Zur Aufklärung: Google ist Mitglied im Team "Eisbären" (ebenso wie Eddi L.). Und die belegen derzeit den Platz 5 

Grundsätzlich würde ich dieses Thema mittlerweile eh als "Insider"-Thema deklarieren und damit sind für "Aussenstehende" die ganzen Zusammenhänge auch nicht mehr klar ersichtlich. Da kommt es dann schon mal zu "Mißverständnissen"!

Ich hoffe das "Mißverständnis" damit aus dem Weg geräumt zu haben.

Gruß,
Harry


----------



## Deisterbruddler (25. Januar 2005)

Eddie L. schrieb:
			
		

> Dies dürfte wohl eher für Deinen Beitrag zutreffend sein! Ich stelle anheim sich entsprechenden Überblick über den "WP" zu verschaffen. Der Sinn- und Informationsgehalt dürfte sich dann von allein erschliessen!
> 
> @Team Normal
> Na dann mal ran!



Sechs! Setzen!   Ich bin mehr sehr wohl der speziellen Beziehung der jeweiligen Teams/Teammitglieder im WP bewusst. Und gerade auf diesem Hintergrund ist Googles Posting nicht mehr als sinnentleerter Spam, bei entsprechender Betrachtungsweise kommt man nicht umhin, darüber hinaus sogar eine gewisse Arroganz herausklingen zu hören, die dem sportlichen Geist dieser "Veranstaltung" mehr als entgegen steht. Vielleicht hätte Google dies durch das Setzen entsprechender Smilies verhindern können. Da er ansonsten aber mit solchen nicht geizt, kann man sehr schön erkennen, in welche Richtung sein Posting zielte.   

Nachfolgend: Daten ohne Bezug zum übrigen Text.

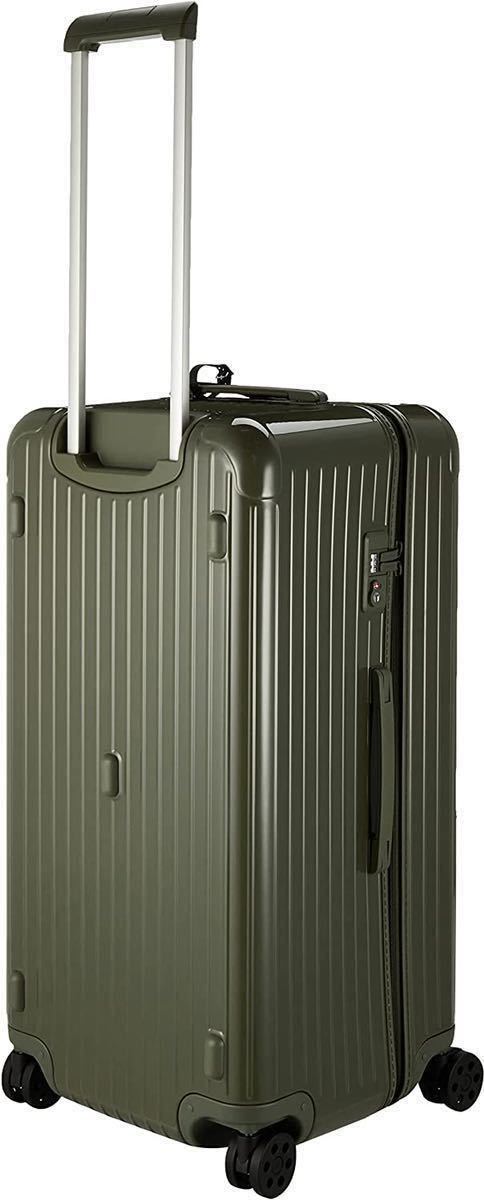 RIMOWA リモワ Essential Trunk Plus 101L エッセンシャル カクタス 限定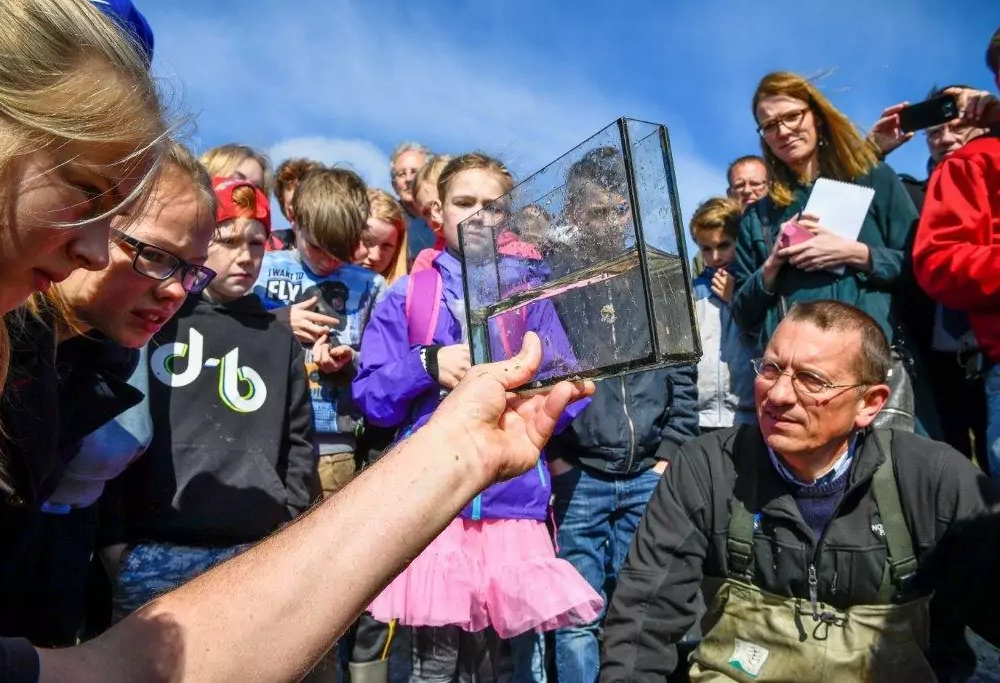 scholenprogramma wadden center
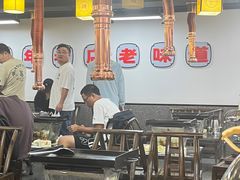 -郝大姐·乌龙山铁板烧(大学城三店)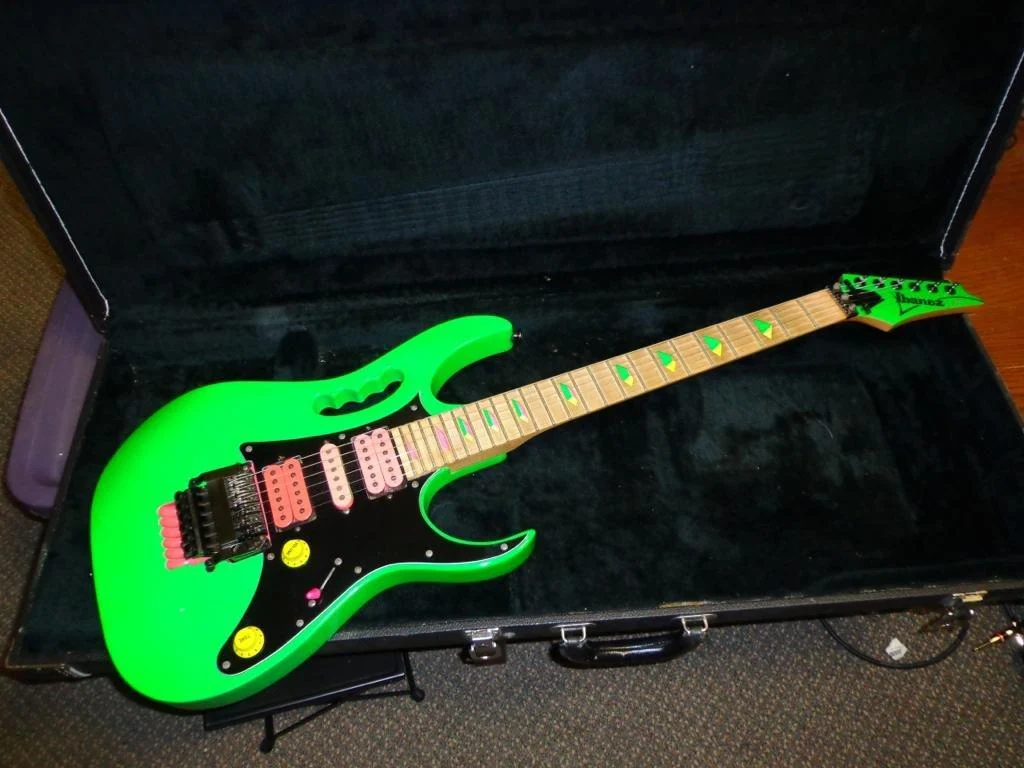 Green Jem #376 — archive photograph 1
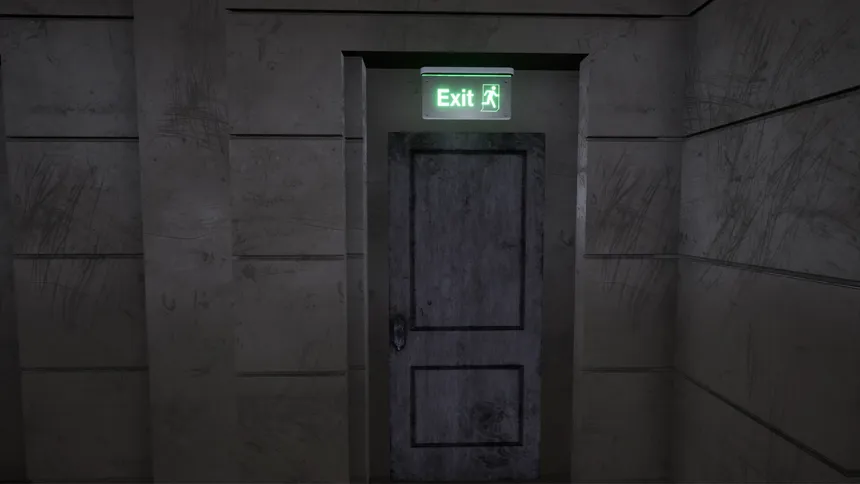 Скриншот 3 к игре The Eerie Surroundings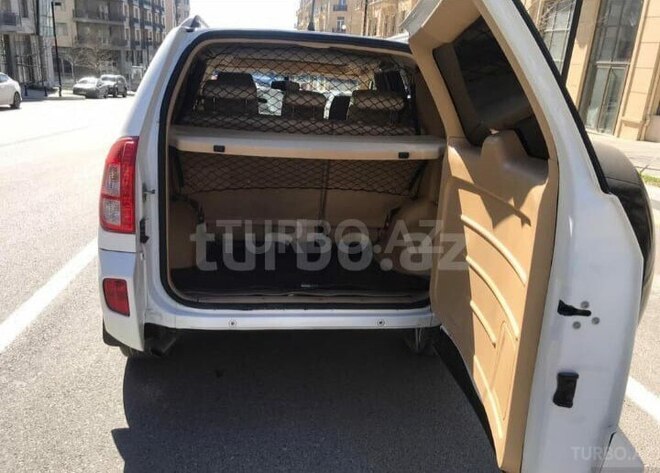 Chery Tiggo (T11) 2013, 130,000 km - 1.8 l - Bakı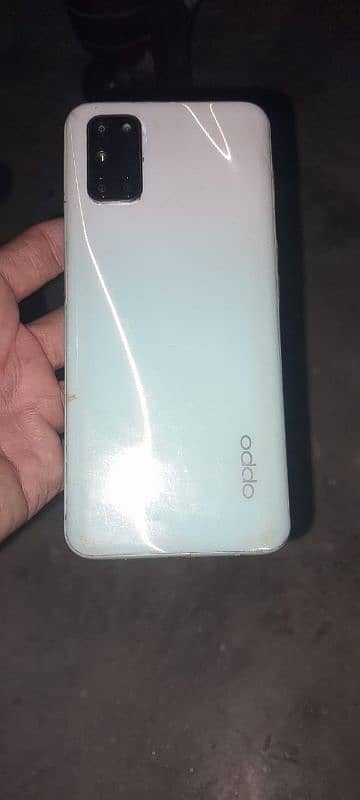 oppo A52 4 ram 128 mamry all box caplet 1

Soviel zum Thema Sinn- und Informationsgehalt.   

@Rabbit: Danke für Deine (nicht notwendige) Aufklärung.


----------



## MTB-News.de




----------



## Lupi (25. Januar 2005)

Hallo Google und Eddie L,

ist ja interessant wer hier so alles mitliest   

Und bitte nicht alles so ernst nehmen was hier so gepostet wird.Aber laßt uns bitte noch die Hoffnung auf Platz 5, wenigstens ein kleines bißchen.

In diesem Sinne 

sportlich faire grüße an die Eisbären


----------



## *blacksheep* (25. Januar 2005)

Google, ich bin Dir zu äusserstem Dank verpflichtet!

Ich hatte heute weder Lust noch Zeit, mich auf einen meiner Hobel zu schwingen, ABER: Dein Posting lässt neuen Saft und Kraft in meine müden Glieder schiessen! Ergebnis: 3,5 Stunden Biken heute.  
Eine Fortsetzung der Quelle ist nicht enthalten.